> [COLLECTED MATERIAL]
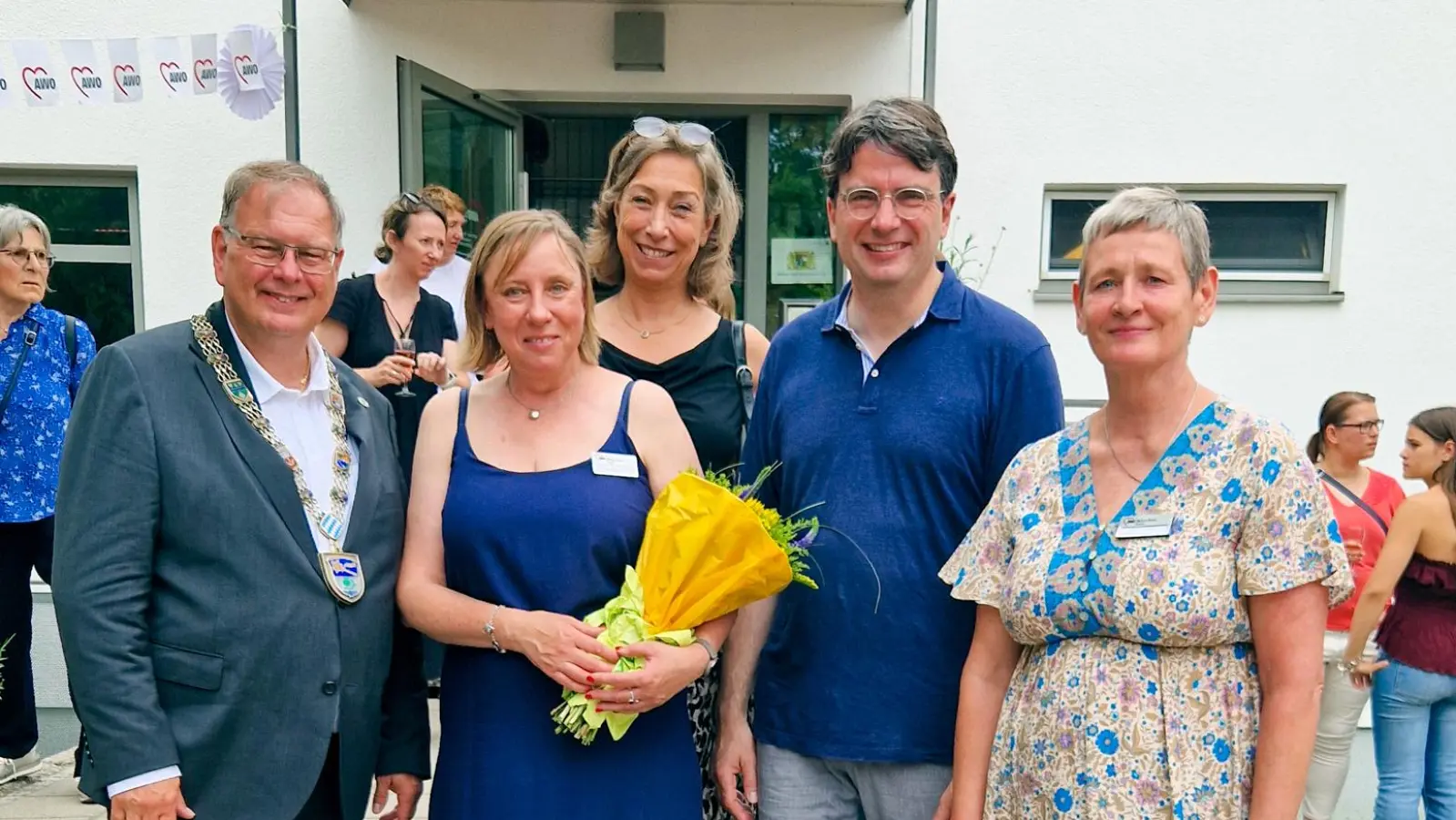 Feierten den 50. Geburtstag des AWO-Hortes (v.l.): Wolfgang Panzer (Brgm), Brigitte Müller (Einrichtungsleitung), Julia Sterzer (Geschäftsführerin AWO München-Stadt), Florian von Brunn (Vorsitzender AWO München-Stadt) und Petra Geißler (stellvertr. Einrichtungsleitung). (Foto: AWO München-Stadt)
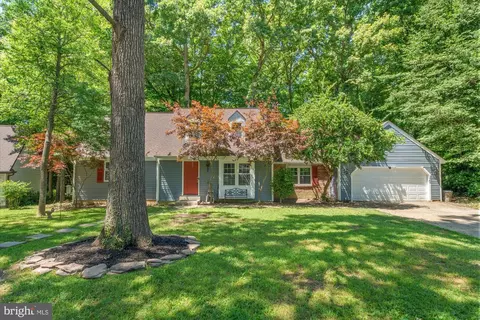3869 Pine Cone Cir, Waldorf, MD 20602 photo 2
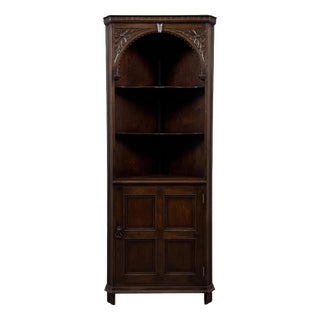 Early 20th Century English Carved Oak Corner Cabinet For Sale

> [TO DO] Retype all of the material above precisely as it reads. Pictures are not part of the copy.

> [WRITTEN SOLUTION]
 Feierten den 50. Geburtstag des AWO-Hortes (v.l.): Wolfgang Panzer (Brgm), Brigitte Müller (Einrichtungsleitung), Julia Sterzer (Geschäftsführerin AWO München-Stadt), Florian von Brunn (Vorsitzender AWO München-Stadt) und Petra Geißler (stellvertr. Einrichtungsleitung). (Foto: AWO München-Stadt)
3869 Pine Cone Cir, Waldorf, MD 20602 photo 2
 Early 20th Century English Carved Oak Corner Cabinet For Sale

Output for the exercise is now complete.